* **EXERCISE BRIEF**:
Give back the data exactly, with no images.

──────────

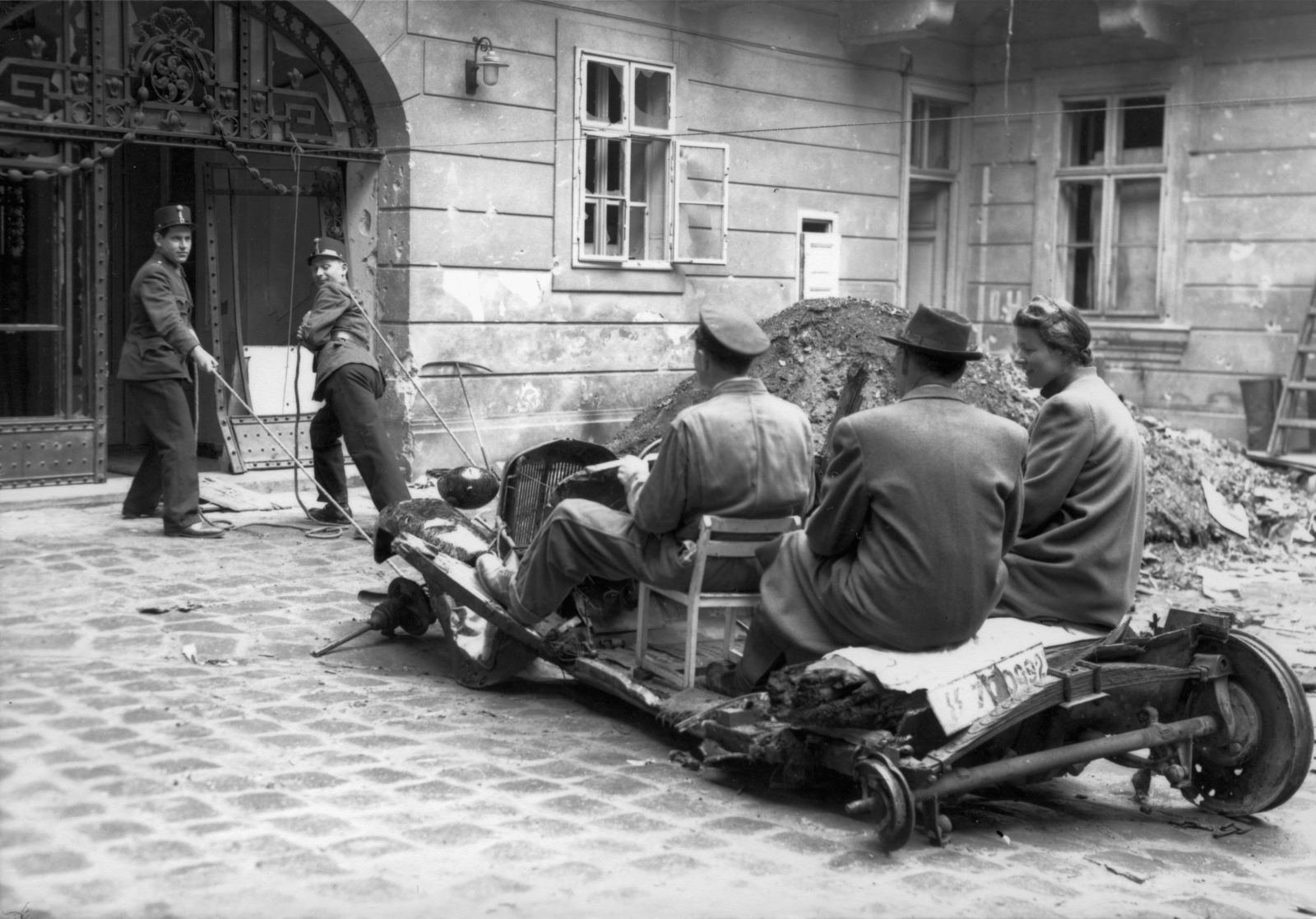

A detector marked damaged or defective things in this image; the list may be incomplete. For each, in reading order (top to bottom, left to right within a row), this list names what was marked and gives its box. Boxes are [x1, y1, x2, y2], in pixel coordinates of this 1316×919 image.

broken window [576, 52, 730, 267]
damaged building facade [2, 0, 1316, 490]
broken window [1059, 95, 1165, 314]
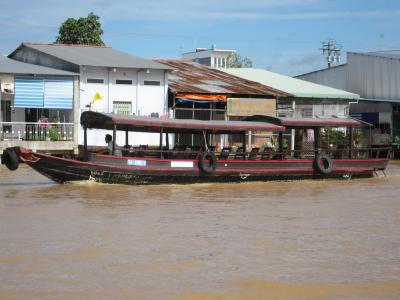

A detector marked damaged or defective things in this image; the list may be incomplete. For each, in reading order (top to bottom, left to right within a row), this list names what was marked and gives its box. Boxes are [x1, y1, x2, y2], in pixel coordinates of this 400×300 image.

rusty metal roof [153, 60, 290, 98]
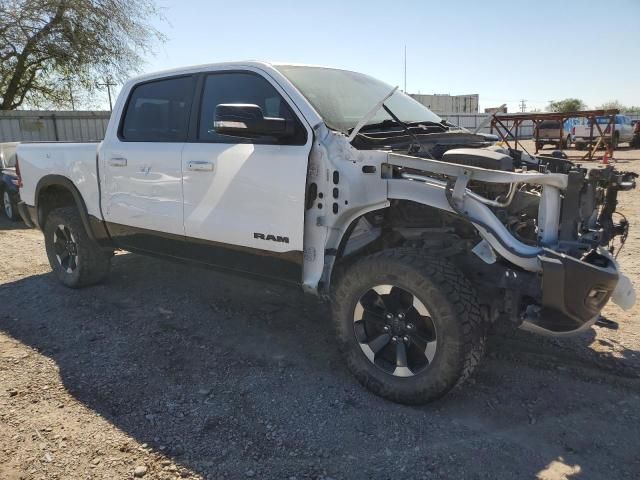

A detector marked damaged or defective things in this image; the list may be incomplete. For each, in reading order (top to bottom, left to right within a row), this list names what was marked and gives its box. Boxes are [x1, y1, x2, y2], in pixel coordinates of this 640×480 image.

damaged front end [382, 145, 636, 334]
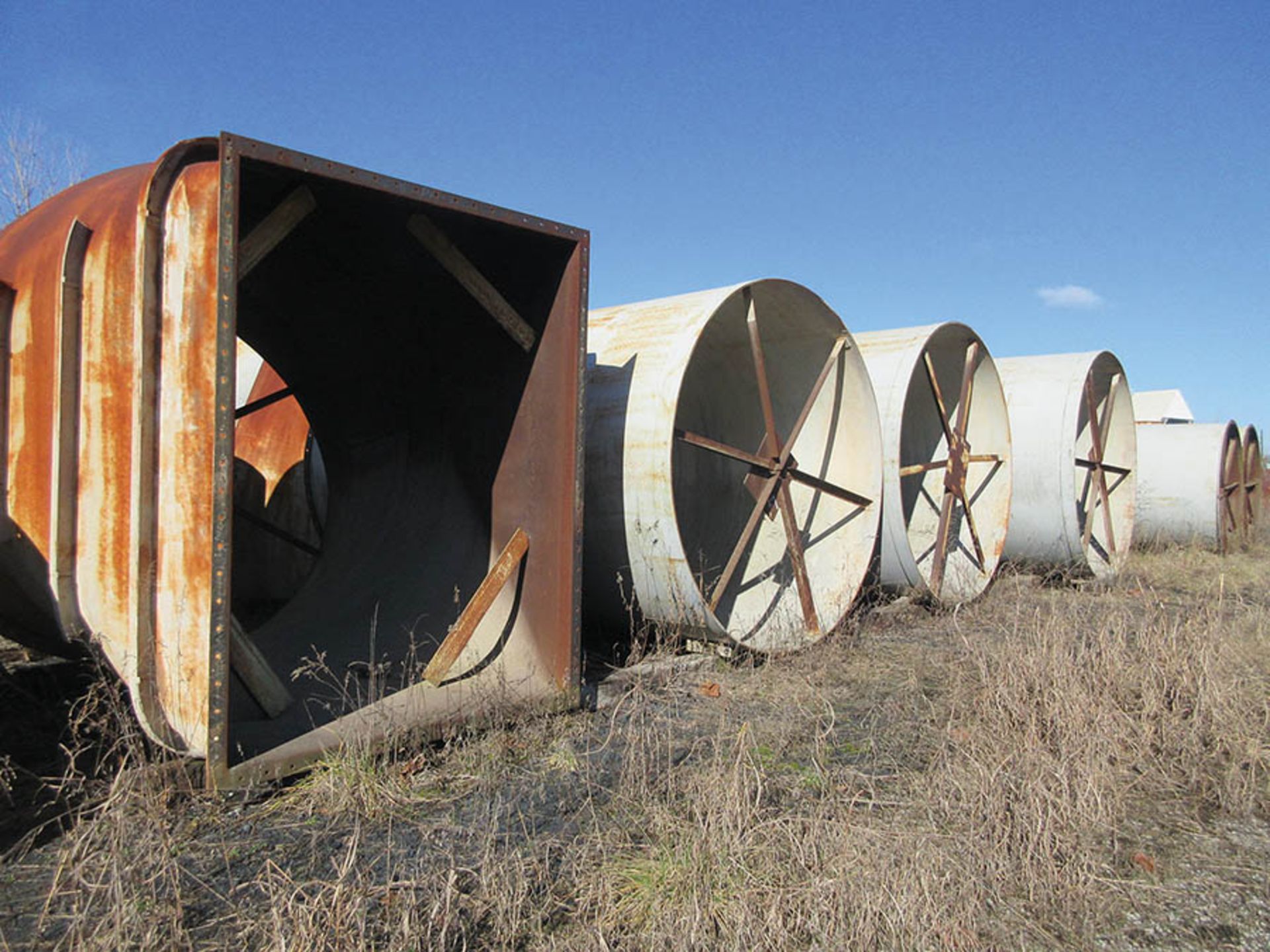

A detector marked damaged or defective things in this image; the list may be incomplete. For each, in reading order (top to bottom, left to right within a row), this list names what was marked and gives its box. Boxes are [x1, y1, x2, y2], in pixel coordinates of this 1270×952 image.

rusty metal duct [0, 134, 589, 792]
rusty metal duct [584, 279, 884, 654]
rusty metal duct [853, 322, 1011, 604]
rusty metal duct [995, 355, 1138, 578]
rusty metal duct [1132, 424, 1239, 555]
rusty metal duct [1239, 426, 1259, 543]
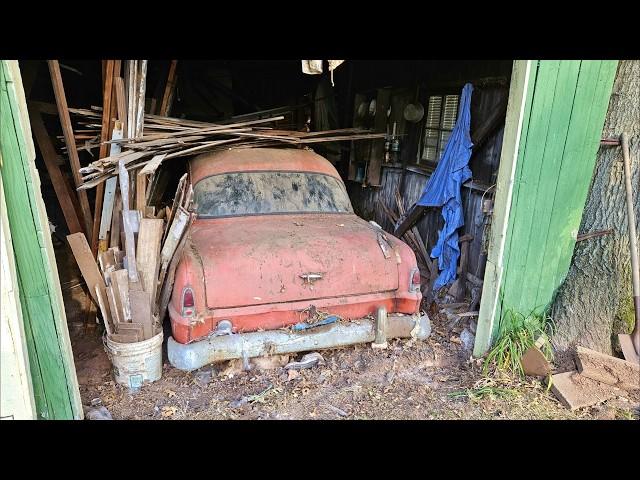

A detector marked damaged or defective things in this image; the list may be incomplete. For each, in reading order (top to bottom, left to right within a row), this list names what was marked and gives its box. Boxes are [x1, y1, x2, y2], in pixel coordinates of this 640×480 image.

rusty car trunk lid [190, 213, 400, 308]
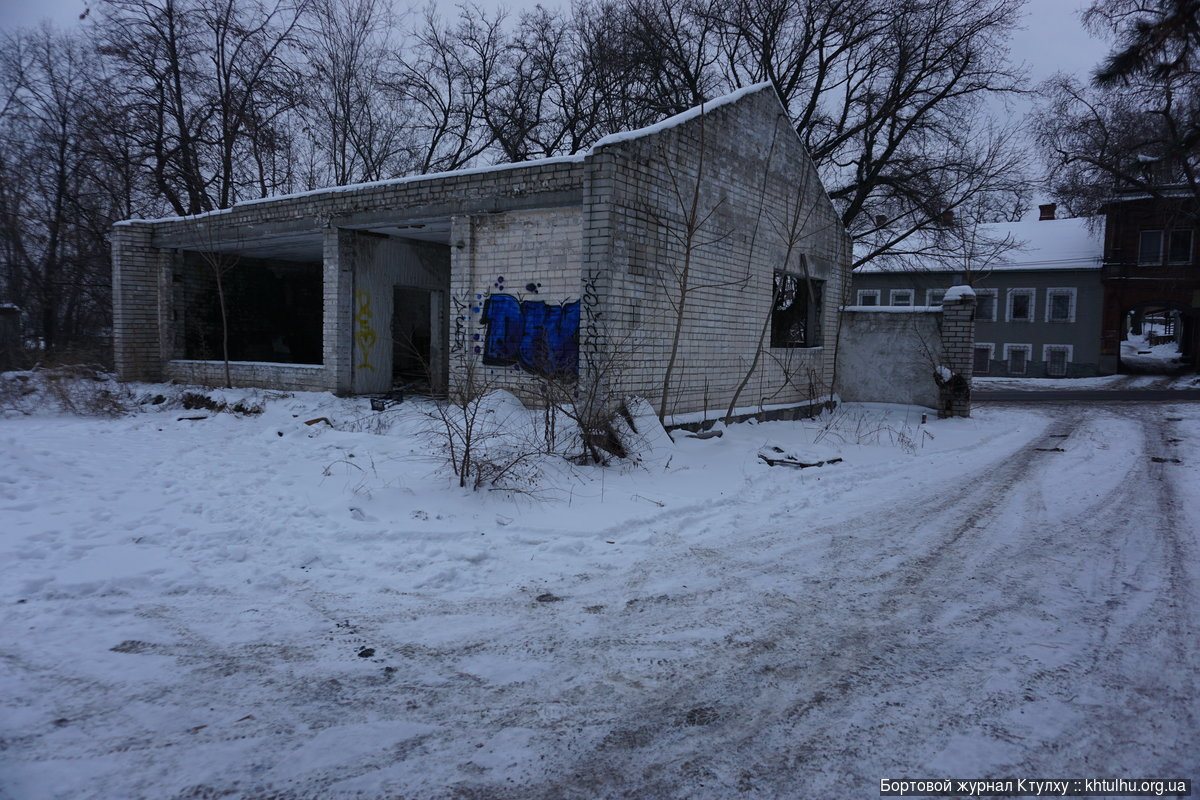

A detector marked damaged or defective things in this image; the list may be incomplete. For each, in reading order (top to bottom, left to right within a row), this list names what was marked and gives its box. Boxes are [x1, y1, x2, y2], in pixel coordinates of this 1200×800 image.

broken window [772, 272, 820, 346]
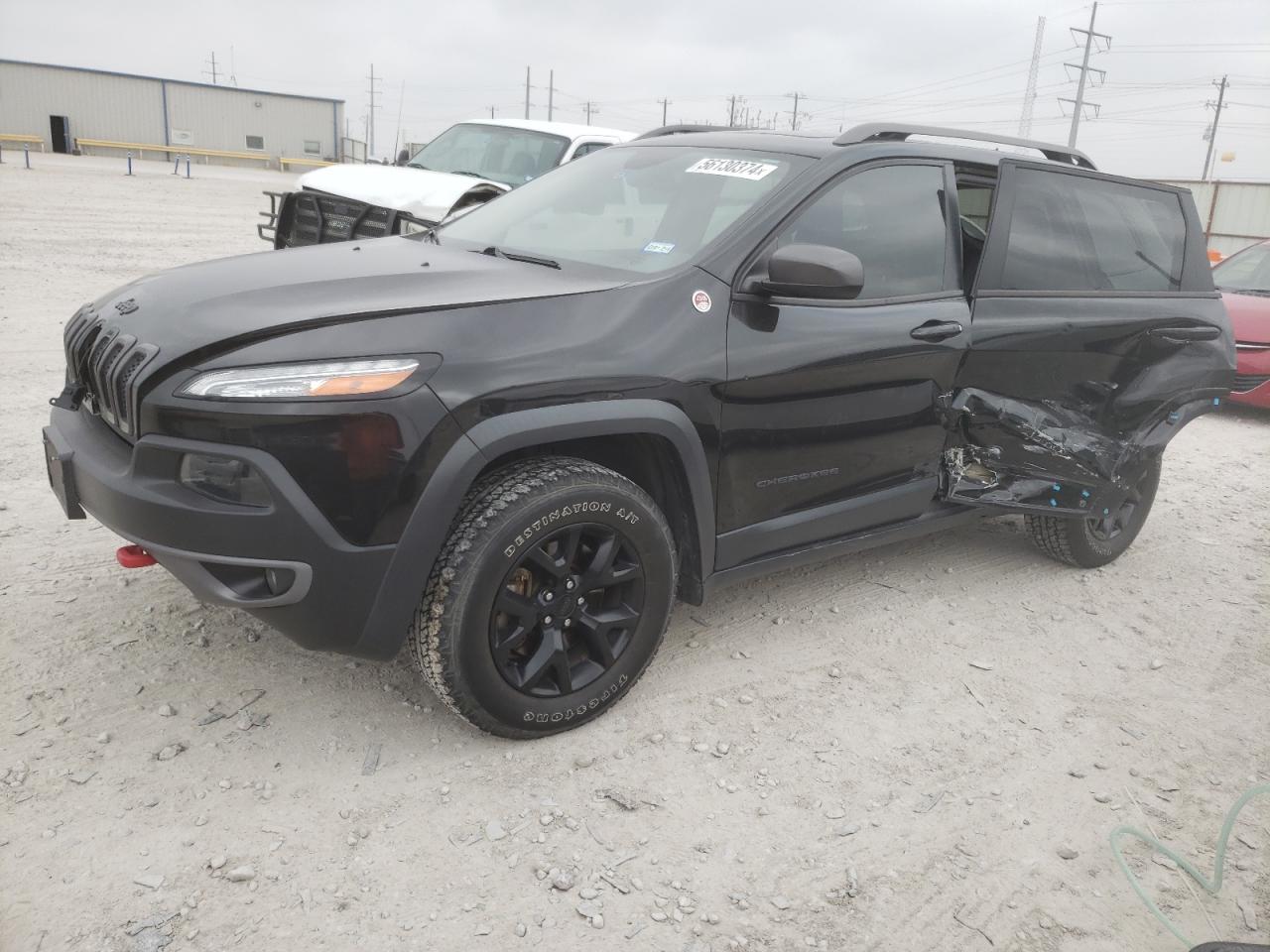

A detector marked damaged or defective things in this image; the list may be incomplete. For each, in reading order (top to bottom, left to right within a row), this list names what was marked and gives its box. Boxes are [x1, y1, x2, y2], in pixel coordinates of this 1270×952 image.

──────────

* **OUTPUT FOR THIS EXERCISE**:
A detector marked damaged or defective things in this image; the list may be incomplete. For each, in reading order (top to bottom, left to right within a row), this list names what was marked and gives its box. Boxes are [x1, y1, x2, y2], in pixel coordinates of this 1316×919 image.

broken window [576, 52, 730, 267]
damaged building facade [2, 0, 1316, 490]
broken window [1059, 95, 1165, 314]

A detector marked damaged or defective things in this image; the list may be incomplete. For each, in reading order (top to bottom, left to right within a row), this list names what was marked and gives its box. Boxes are [x1, y1, x2, y2], in pixel coordinates of this 400×300 image.

rusty metal roof [153, 60, 290, 98]

A detector marked damaged or defective things in this image; the list may be incomplete. For each, in reading order (top to bottom, left to right within a row), this list names what was marked and gives its box. Boxes are [x1, y1, x2, y2], in pixel coordinates of this 640×480 image.

damaged front end [382, 145, 636, 334]

A detector marked damaged or defective things in this image; the list may be incomplete. For each, in reading order (top to bottom, left to right within a row), this list names what was marked and gives its box. Boxes are [x1, y1, x2, y2], in pixel coordinates of this 1270×952 image.

rusty metal duct [0, 134, 589, 792]
rusty metal duct [584, 279, 884, 654]
rusty metal duct [853, 322, 1011, 604]
rusty metal duct [995, 355, 1138, 578]
rusty metal duct [1132, 424, 1239, 555]
rusty metal duct [1239, 426, 1259, 543]

A detector marked damaged or defective things in this image; the list may be incomplete. For each, in reading order (top to bottom, left to right within a row), this list names what was marked and gives its box. Boxes are [x1, y1, x2, y2], in pixel coordinates of this 640×480 image.

rusty car trunk lid [190, 213, 400, 308]

A detector marked damaged or defective things in this image; the list may be incomplete. For each, in reading order (top to bottom, left to right within a row), this list names what was marked and gives its box. Boxes are [x1, y1, x2, y2], in pixel coordinates of this 1200×800 image.

broken window [772, 272, 820, 346]

A detector marked damaged or defective things in this image; the list may be incomplete. For each, in reading order (top to bottom, left to right within a row), this list names what was marked and gives its box. Boxes are [x1, y1, x2, y2], in pixel coordinates of this 1270×952 image.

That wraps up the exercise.